We are trying to create a HIVE table which will include a sequence that will act as a unique identifier. This table will have data appended to it daily and we would like to keep the sequence running.

For the initial load we used 'org.apache.hadoop.hive.contrib.udf.UDFRowSequence' this will obviously not be enough for future keys as it always starts from 0.

We thought about storing the max key from the table before every run and then add it to the sequence on every load operation but can't seem to make it work in HIVE. The problem we are facing is we cannot save the result of a query into a variable

Ideally it would do the following (pseudo code):

  1. create temporary function row_sequence as 'org.apache.hadoop.hive.contrib.udf.UDFRowSequence';
  2. store the current table max sequence into a variable

    currentMaxSequence = "Select max(sequenceKey) as max from justAnyTable"

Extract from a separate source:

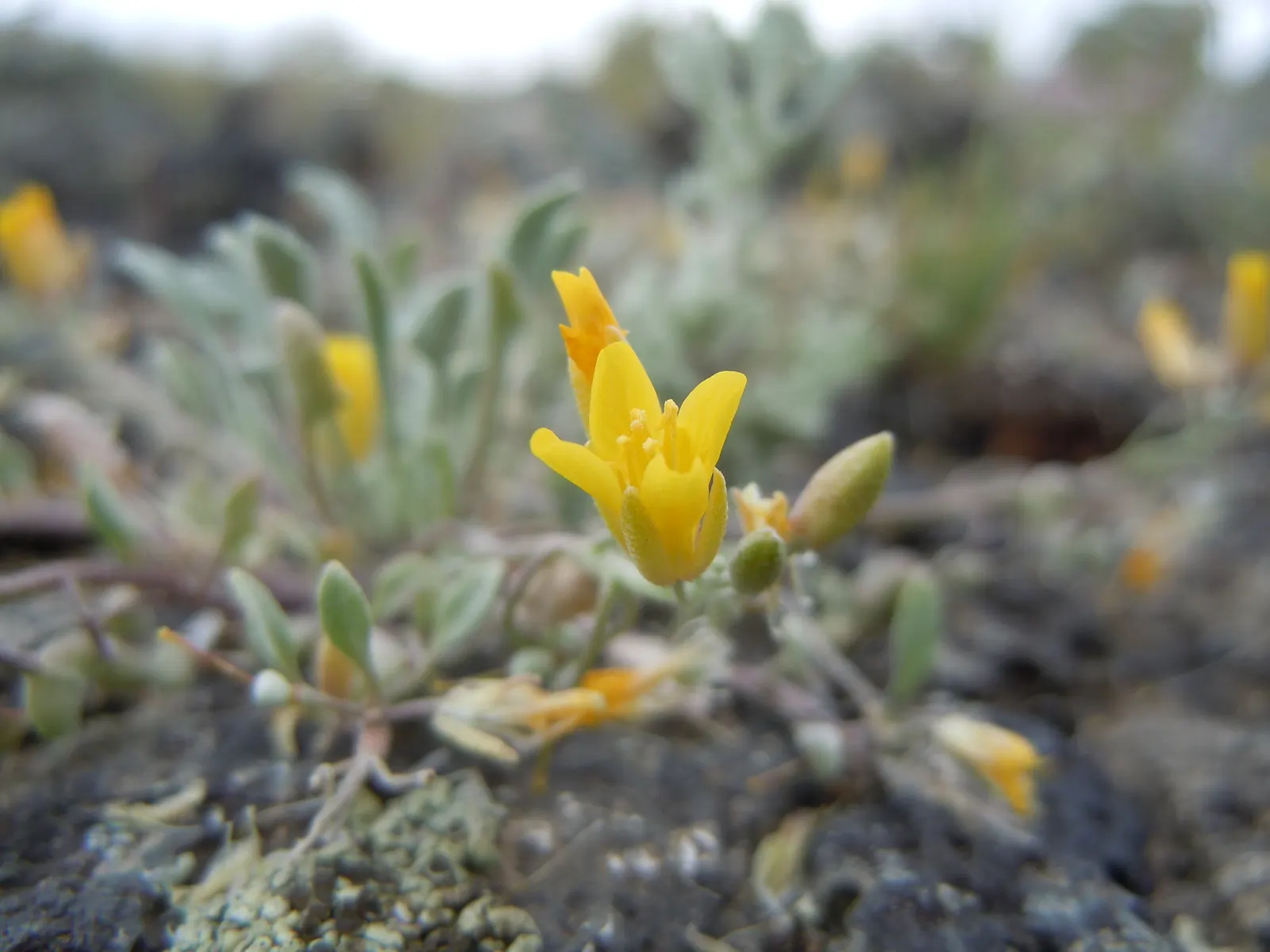 Bladderpod (Peritoma Arborea) — resembling inflated bladders that dangle amidst the foliage; deer resistance adds to its landscape appeal, image 88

  3. Append the max sequence+ current sequence to the new rows

    INSERT INTO TABLE anotherTable SELECT currentMaxSequence + row_sequence() as sk, name from (SELECT name from test limit 10) n;

any ideas how this can be done, specifically how can we store a result set from a query (one value) and use it in another one, Hive doesn't seem to like this nested queries.

Thanks, Roy

2

2 Answers

2
votes

You can store the result of max in a variable. Try using following command:

hive -e 'select concat('set maxValue=',t.maxvalue) from (select max(columnName) from tableName) t' >> /path/to/directory/storeMaxValue.sql

Then for the next run, run this command first:

hive -f /path/to/directory/storeMaxValue.sql;

Your variable is now available in the session. But this thing will not help you. Instead of this you try to store your max result in a table then use the result of the table as a join in the successive runs.

1
votes

Use a join.

INSERT INTO TABLE anotherTable
SELECT n1.max + row_sequence() as sk, name 
from (SELECT name from test limit 10) n
join
(Select max(sequenceKey) as max from justAnyTable) n1